Social media can be a great tool for litigation attorneys to use when investigating adverse parties, witnesses and potential jurors. However, in light of the New York State Bar Association’s guidelines on the ethical use of social media in New York, here are four things to watch out for.
There are several common features of social media channels, most notably on LinkedIn, that could present professional responsibility issues for New York attorneys. Here are four things to be aware of.
LinkedIn’s notification tool may violate the ban on communications with a represented party in NY.
One common feature on LinkedIn is a tool that lets you know who viewed your profile. It’s always interesting to see who has been checking you out online.
But in order to get this information, you have to permit LinkedIn to notify other people when you review their profiles. This feature is enabled by default when you set up a LinkedIn account, but you can disable it.

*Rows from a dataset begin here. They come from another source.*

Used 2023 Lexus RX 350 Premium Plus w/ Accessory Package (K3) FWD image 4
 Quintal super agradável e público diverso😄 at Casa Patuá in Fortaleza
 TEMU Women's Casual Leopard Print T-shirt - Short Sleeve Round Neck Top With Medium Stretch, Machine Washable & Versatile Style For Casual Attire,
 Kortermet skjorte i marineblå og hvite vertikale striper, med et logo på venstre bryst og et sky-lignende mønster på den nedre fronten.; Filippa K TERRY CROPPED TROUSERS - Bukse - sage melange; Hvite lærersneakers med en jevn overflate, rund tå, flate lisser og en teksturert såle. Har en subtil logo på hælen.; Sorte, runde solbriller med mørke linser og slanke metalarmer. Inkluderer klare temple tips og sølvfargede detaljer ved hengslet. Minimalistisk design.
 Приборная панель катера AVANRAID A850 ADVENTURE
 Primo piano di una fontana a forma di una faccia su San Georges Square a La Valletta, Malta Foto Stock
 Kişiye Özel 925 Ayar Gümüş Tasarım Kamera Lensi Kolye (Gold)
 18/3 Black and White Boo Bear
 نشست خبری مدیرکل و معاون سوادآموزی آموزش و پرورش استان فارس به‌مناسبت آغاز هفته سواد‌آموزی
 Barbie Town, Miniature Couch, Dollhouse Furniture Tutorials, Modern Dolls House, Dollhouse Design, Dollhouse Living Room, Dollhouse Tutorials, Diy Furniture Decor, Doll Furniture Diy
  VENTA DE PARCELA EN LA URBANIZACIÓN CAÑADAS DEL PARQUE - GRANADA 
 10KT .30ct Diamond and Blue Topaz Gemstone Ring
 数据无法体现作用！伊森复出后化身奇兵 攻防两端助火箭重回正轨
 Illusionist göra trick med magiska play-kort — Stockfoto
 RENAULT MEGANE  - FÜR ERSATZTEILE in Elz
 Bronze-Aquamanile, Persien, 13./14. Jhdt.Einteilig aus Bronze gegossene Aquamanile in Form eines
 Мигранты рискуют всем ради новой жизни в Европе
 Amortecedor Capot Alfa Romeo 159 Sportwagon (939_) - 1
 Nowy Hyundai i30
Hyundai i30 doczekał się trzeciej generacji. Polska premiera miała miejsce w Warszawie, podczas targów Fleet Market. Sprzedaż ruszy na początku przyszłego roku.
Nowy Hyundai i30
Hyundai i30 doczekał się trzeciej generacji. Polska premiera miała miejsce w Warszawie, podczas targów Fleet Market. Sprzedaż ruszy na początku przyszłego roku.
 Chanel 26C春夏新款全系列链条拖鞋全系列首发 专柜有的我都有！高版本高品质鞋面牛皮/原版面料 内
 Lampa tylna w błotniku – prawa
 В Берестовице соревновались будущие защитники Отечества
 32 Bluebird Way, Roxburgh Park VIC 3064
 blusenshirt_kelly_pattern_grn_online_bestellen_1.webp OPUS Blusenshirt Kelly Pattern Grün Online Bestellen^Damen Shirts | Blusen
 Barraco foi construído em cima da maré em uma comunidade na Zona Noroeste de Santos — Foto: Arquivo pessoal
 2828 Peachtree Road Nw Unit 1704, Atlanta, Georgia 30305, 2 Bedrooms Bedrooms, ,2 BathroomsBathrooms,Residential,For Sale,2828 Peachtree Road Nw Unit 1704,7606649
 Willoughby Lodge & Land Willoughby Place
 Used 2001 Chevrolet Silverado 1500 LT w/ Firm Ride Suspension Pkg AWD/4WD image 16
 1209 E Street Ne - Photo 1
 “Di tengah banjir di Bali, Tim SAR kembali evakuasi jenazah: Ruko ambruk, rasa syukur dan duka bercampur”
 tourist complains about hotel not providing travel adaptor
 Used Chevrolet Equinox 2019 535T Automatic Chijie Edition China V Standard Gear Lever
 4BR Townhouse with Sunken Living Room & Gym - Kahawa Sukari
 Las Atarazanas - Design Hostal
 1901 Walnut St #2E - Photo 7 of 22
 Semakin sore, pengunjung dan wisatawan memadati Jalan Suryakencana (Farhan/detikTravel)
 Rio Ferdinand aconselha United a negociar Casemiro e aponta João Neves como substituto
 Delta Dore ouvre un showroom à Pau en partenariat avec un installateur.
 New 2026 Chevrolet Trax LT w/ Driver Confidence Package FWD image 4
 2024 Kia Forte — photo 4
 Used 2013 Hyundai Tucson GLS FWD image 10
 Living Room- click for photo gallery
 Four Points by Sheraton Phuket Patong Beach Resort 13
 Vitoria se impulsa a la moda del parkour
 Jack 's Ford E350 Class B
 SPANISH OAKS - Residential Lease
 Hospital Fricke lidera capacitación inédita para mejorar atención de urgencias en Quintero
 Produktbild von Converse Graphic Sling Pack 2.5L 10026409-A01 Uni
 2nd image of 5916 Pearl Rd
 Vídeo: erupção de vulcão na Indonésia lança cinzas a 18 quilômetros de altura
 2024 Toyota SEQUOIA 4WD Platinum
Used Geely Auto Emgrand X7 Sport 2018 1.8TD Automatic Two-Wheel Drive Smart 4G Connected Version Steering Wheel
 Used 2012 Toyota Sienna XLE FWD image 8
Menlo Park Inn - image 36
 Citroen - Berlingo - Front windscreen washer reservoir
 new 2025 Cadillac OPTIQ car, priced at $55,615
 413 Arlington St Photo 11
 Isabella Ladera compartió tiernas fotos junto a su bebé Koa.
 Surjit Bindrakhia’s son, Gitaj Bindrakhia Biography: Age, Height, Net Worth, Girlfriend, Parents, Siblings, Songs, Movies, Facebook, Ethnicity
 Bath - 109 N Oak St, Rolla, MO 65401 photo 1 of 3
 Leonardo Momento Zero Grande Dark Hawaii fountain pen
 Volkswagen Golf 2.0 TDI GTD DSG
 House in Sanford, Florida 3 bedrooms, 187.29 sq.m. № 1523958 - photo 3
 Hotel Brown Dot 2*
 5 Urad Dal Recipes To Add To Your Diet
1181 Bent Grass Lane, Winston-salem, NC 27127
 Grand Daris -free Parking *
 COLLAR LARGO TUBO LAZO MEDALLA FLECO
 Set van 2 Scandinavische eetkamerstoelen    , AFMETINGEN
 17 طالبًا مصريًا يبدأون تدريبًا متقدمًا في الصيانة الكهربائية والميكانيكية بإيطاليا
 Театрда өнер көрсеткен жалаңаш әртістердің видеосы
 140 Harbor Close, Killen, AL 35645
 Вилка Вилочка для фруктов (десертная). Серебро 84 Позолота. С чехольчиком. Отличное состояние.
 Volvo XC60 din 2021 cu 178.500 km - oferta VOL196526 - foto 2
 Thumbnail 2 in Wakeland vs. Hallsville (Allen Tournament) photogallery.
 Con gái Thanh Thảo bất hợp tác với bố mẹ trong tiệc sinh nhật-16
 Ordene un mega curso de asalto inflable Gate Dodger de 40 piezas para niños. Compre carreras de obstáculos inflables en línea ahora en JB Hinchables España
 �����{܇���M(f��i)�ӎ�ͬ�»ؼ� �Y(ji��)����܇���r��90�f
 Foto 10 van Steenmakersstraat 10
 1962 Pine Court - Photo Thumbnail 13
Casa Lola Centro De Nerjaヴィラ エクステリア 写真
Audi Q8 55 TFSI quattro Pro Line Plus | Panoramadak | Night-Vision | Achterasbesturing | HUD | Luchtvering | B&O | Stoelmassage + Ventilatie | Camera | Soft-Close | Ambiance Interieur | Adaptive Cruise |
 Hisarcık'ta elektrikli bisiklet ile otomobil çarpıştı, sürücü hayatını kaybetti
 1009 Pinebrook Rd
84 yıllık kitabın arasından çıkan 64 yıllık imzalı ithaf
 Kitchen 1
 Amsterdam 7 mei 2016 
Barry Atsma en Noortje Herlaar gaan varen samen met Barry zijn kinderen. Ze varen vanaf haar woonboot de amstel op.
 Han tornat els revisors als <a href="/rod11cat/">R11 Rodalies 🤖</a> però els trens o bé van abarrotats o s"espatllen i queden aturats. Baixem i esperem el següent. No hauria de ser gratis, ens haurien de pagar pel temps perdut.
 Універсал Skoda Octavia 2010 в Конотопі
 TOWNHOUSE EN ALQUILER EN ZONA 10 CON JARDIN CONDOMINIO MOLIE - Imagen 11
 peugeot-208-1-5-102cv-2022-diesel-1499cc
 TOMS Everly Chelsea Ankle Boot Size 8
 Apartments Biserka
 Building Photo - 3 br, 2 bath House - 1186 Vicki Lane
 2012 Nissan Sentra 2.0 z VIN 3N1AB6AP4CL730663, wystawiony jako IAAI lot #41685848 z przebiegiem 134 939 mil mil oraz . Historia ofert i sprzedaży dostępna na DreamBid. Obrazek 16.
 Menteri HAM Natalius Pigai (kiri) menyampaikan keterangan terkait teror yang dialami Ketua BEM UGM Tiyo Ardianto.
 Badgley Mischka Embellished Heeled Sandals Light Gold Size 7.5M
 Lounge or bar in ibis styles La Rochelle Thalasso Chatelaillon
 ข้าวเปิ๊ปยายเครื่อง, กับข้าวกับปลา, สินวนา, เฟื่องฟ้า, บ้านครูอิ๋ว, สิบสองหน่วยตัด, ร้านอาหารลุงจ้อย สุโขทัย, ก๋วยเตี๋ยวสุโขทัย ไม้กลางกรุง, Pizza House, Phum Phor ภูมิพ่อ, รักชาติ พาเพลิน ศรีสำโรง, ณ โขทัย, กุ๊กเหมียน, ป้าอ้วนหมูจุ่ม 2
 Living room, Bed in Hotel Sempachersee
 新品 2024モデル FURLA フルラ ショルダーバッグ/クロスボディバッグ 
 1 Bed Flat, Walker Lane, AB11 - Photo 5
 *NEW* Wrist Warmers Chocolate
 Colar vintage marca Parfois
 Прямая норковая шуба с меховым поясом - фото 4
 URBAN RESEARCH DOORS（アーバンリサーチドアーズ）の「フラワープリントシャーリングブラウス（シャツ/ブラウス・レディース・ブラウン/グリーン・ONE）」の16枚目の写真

Trouble is, under the guidelines for the ethical use of social media in New York, if you view an adverse represented party’s profile on LinkedIn (or any other social media platform), and LinkedIn notifies that person that you viewed their profile, then you violate the basic prohibition on communications with a represented party.
The same holds true for your staff and agents. If you hire a private investigator to find out information about a particular adverse party (or witness), and that party is represented by counsel, the attorney who hired that person will have to answer to the folks at the disciplinary committee.
Interestingly, while this is a problem for New York Attorneys, according to the ABA, the social media notice would not be considered a communication. See ABA Opinion 466.
Bottom line, if you are using social media to investigate adverse parties or witnesses, turn off the notification feature of your social media platform.
Don’t “friend” a represented adverse party or juror, but it’s OK to view their public profile.
Provided you do not run afoul of the notification issue described above, an attorney can view a represented adverse party’s or juror’s public social media profile. However, the attorney may not “friend” request or otherwise seek to gain access to the adverse party’s non-public social media profile. Same rule applies to employees and agents of the attorney. Of course, get an order from the court, and the ban is inapplicable.
However, there is no restriction from asking for access to an unrepresented adverse party, provided the attorney doesn’t mislead the party by indicating that they are disinterested or makes the request through a fake profile.
Finally, your client can always request access to a represented party’s private social media profile (same as they can speak to the party directly to initiate settlement discussions). However, the attorney cannot recommend to the client (directly or indirectly) that the client do this.
Be careful about advising a client to change their social media content.
You may counsel your client to remove or change content on their social media pages, as long as the changes are not false or deceptive and the advice does not violate statutory or common law. However, as soon as litigation is reasonably foreseeable, a litigation hold has to be put in place.
A lawyer may advise a client to change privacy settings and remove material from the site, so long as copies of the material are preserved. However, you will likely want to weigh the risk of relying on the client to preserve materials.
Those pesky LinkedIn endorsements may be a problem.
Bottom line, advertising can’t be false or misleading. So, make sure you delete any endorsements for practice areas where you do not practice. Paid endorsements must be disclosed as such, and endorsements that describe a result in a case must include the standard disclaimer: “Prior results do not guarantee a similar outcome.” Finally, individual attorneys still cannot list, or refer to their services as “Specialities” unless the lawyer was certified as a specialist in New York.